Similarly to what we did with the dataset you could inspect the model in various ways. We can, for instance, count the number of model parameters.

In [None]:
model = Net(num_classes=10)
num_parameters = sum(value.numel() for value in model.state_dict().values())
print(f"{num_parameters = }")

## The Training Loop

A minimal training loop in PyTorch can be constructed with three functions:
*  `train()` that will train the model given a dataloader.
* `test()` that will be used to evaluate the performance of the model on held-out data, e.g., a training set.
* `run_centralised()` which will define additional elements (e.g. the optimiser) and run the training loop over N epochs.
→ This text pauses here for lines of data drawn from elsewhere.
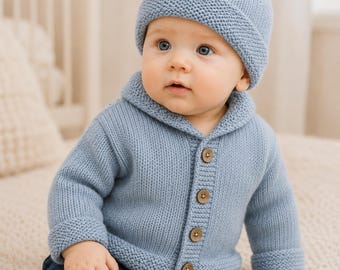 May include: A light blue knit cardigan with a shawl collar and four brown buttons, paired with a matching light blue knit beanie featuring a pom-pom on top. The outfit is worn with dark blue denim jeans, creating a coordinated look.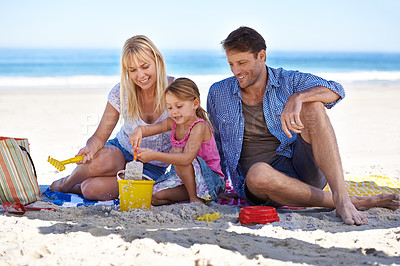 Buy stock photo Mom, dad and girl with sandcastle by sea on vacation with care, learning or building on holiday in summer. Father, mother and daughter with sand in plastic bucket for game, blanket and happy at beach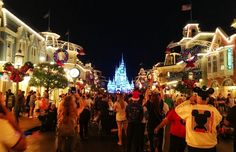 people are walking down the street in front of christmas lights and buildings at disneyland world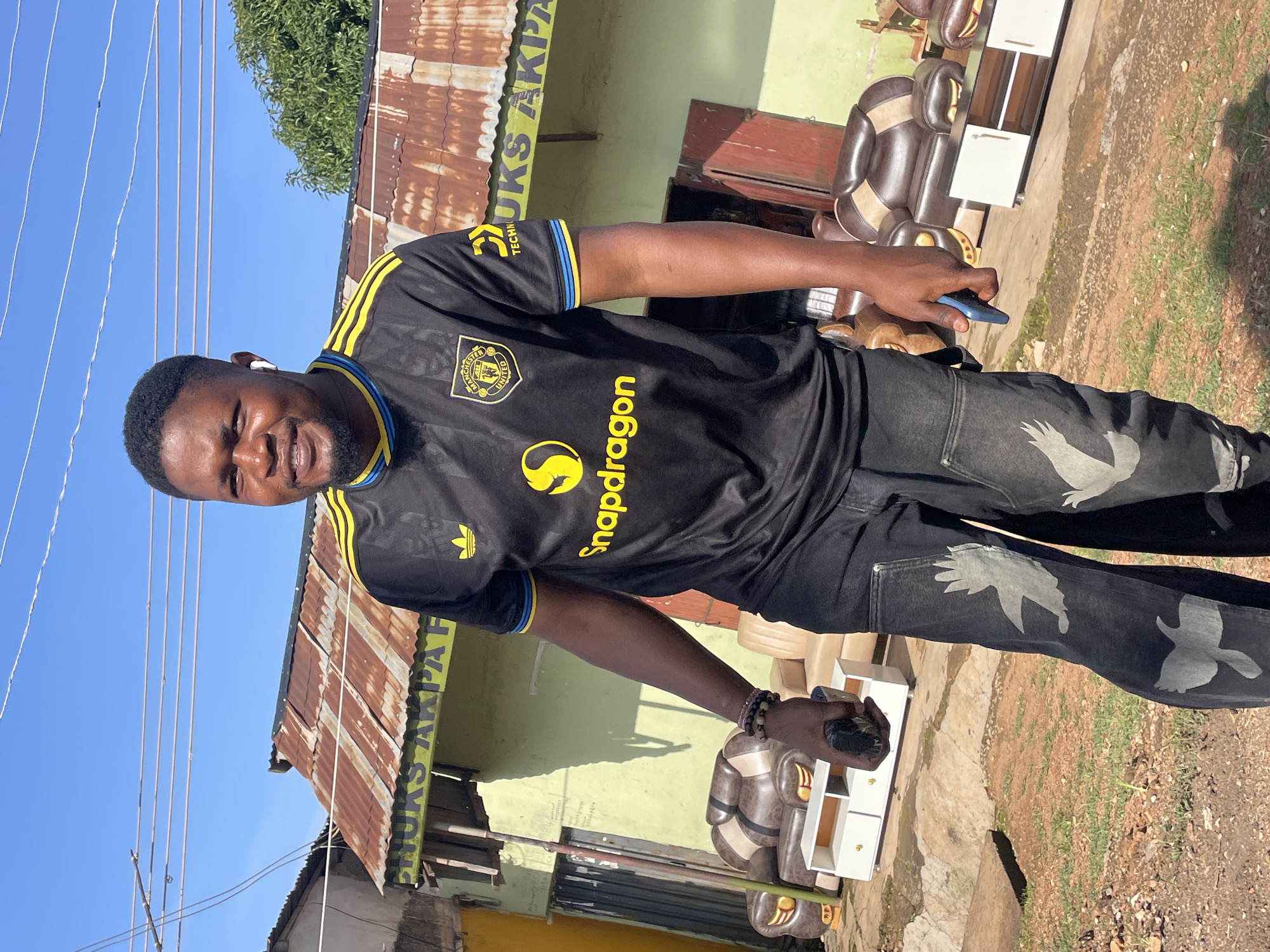 A medium shot captures a Black man standing outdoors in front of a small shop with a corrugated iron roof. The man, wearing a black and yellow Manchester United jersey and black jeans with white bird-like graphics, smiles as he looks at the camera. He has short, dark hair and a beard, and is wearing white wireless earbuds. In his right hand, he holds a dark-colored object, possibly a phone. In the background, to the left and right, are two sets of brown and cream-colored furniture, including sofas and a television stand. The shop itself is painted a pale green and has a yellow sign with text that is partially obscured but appears to read "CHUKS AKPA F". The sky is clear and blue, with a few power lines crossing the frame. The ground is dirt and patchy grass. The location is identified as Jos, Nigeria.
Let's construct these functions!


In [None]:
def train(net, trainloader, optimizer, device="cpu"):
    """Train the network on the training set."""
    criterion = torch.nn.CrossEntropyLoss()
    net.to(device)
    net.train()
    for batch in trainloader:
        images, labels = batch["image"].to(device), batch["label"].to(device)
        optimizer.zero_grad()
        loss = criterion(net(images), labels)
        loss.backward()
        optimizer.step()


def test(net, testloader, device):
    """Validate the network on the entire test set."""
    criterion = torch.nn.CrossEntropyLoss()
    correct, loss = 0, 0.0
    net.to(device)
    net.eval()
    with torch.no_grad():
        for batch in testloader:
            images, labels = batch["image"].to(device), batch["label"].to(device)
            outputs = net(images)
            loss += criterion(outputs, labels).item()
            _, predicted = torch.max(outputs.data, 1)
            correct += (predicted == labels).sum().item()
    accuracy = correct / len(testloader.dataset)
    return loss, accuracy


def run_centralised(
    trainloader, testloader, epochs: int, lr: float, momentum: float = 0.9
):
    """A minimal (but complete) training loop"""

    # instantiate the model
    model = Net(num_classes=10)

    # Discover device
    device = torch.device("cuda:0" if torch.cuda.is_available() else "cpu")
    model.to(device)

    # define optimiser with hyperparameters supplied
    optim = torch.optim.SGD(model.parameters(), lr=lr, momentum=momentum)

    # train for the specified number of epochs
    for e in range(epochs):
        print(f"Training epoch {e} ...")
        train(model, trainloader, optim, device)

    # training is completed, then evaluate model on the test set
    loss, accuracy = test(model, testloader, device)
    print(f"{loss = }")
    print(f"{accuracy = }")

Let's run this for 5 epochs (you'll see it reaching close to 99% accuracy -- as expected from a centralised setup with the MNIST dataset)

In [None]:
# Construct dataloaders
trainloader, testloader = get_mnist_dataloaders(mnist, batch_size=32)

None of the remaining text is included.